Menhan Lobi Pembelian Senjata dari Amerika Serikat
Berdasarkan dokumen Foreign Agents Registration Act, Kementerian Pertahanan berencana membeli persenjataan dari Amerika Serikat. Diduga yang akan dibeli adalah pesawat tempur.
Oleh
Edna C Pattisina
·3 menit baca
JAKARTA, KOMPAS — Di tengah kunjungannya ke Perancis dan Jerman, Menteri Pertahanan Prabowo Subianto berupaya melakukan lobi agar bisa membeli senjata dari Amerika Serikat.
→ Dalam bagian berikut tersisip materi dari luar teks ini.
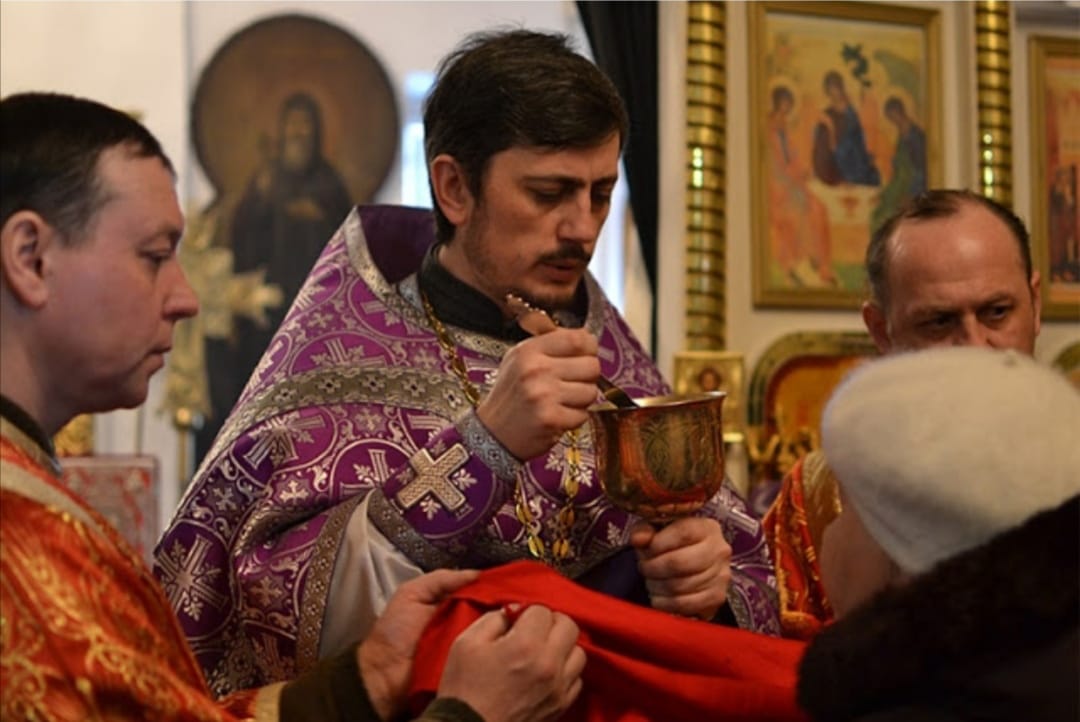 Sacerdotes creen que las personas vacunadas contra el COVID son el “anticristo”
Hal ini terungkap dalam dokumen publik yang berisi pendaftaran sebuah lembaga lobi ke Kementerian Hukum AS.
Dalam dokumen yang dibuat berdasarkan Foreign Agents Registration Act (FARA) tertanggal 21 Juni 2021, yang diunduh Kompas dari situs web FARA, Rabu (30/6/2021), disebutkan bahwa kantor pengacara Ott, Bielitzki and O’Neill telah menandatangani perjanjian dengan Menteri Pertahanan Indonesia untuk jasa yang akan diberikan.
Jasa itu berupa konsultasi hukum dan hubungan pemerintah terkait rencana Kementerian Pertahanan RI untuk membeli persenjataan. Jasa itu di antaranya mengatur pertemuan dengan pejabat AS, termasuk dari Kongres dan Kementerian Pertahanan AS. Tema yang akan didiskusikan adalah soal pengendalian ekspor senjata AS.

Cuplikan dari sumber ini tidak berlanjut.